SUPPLIED DATA START
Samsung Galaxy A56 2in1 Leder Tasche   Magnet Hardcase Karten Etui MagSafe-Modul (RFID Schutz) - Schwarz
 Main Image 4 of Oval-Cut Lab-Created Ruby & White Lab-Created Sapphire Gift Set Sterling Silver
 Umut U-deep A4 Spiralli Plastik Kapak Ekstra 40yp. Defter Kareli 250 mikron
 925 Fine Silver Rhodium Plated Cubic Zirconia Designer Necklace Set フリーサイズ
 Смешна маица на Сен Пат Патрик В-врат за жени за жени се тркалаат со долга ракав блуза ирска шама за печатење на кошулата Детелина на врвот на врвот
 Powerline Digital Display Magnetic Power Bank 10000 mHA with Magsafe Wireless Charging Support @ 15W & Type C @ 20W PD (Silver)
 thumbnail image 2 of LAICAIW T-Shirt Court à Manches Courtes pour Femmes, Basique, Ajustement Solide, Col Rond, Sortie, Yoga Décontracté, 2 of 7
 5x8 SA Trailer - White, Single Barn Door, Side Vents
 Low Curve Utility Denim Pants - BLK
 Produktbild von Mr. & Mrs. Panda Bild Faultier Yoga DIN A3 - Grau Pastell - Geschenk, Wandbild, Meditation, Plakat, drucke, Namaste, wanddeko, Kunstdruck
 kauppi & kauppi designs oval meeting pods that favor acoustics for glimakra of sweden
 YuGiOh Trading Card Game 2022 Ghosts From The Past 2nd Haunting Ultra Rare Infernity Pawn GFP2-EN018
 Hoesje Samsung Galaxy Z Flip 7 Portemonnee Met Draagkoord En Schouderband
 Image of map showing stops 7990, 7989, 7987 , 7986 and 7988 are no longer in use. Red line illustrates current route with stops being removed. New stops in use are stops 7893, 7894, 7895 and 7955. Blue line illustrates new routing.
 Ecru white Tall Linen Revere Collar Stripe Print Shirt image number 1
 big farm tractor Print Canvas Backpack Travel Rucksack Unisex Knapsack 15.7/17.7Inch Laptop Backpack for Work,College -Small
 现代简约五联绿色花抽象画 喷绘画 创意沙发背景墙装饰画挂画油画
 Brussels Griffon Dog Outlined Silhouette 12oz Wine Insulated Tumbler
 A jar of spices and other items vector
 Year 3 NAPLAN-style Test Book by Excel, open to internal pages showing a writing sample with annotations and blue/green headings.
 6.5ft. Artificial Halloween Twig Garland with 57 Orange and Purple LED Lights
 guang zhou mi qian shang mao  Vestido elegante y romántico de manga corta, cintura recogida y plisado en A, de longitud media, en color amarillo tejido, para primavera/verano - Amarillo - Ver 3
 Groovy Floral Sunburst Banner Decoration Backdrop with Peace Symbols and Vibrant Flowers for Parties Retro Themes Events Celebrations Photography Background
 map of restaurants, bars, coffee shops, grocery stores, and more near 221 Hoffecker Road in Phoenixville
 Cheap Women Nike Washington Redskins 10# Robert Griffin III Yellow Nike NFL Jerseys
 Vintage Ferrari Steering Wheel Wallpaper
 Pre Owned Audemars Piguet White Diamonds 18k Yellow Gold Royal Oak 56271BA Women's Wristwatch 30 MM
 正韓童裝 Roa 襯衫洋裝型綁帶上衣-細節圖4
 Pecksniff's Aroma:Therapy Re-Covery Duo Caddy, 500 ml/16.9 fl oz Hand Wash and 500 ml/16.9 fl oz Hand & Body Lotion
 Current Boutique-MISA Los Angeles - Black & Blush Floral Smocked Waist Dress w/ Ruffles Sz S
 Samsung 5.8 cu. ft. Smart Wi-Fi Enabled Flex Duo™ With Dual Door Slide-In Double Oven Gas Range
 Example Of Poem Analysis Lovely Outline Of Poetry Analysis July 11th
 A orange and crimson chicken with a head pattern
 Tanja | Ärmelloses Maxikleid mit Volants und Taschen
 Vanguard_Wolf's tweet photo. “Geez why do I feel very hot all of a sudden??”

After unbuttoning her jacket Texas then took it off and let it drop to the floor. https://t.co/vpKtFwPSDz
SUPPLIED DATA END
EXERCISE REQUIREMENTS: Starting at the line that holds "Vanguard_Wolf's tweet photo.", set down each line exactly through the last line of the records above, and no others.

TASK SOLUTION:
 Vanguard_Wolf's tweet photo. “Geez why do I feel very hot all of a sudden??”

After unbuttoning her jacket Texas then took it off and let it drop to the floor. https://t.co/vpKtFwPSDz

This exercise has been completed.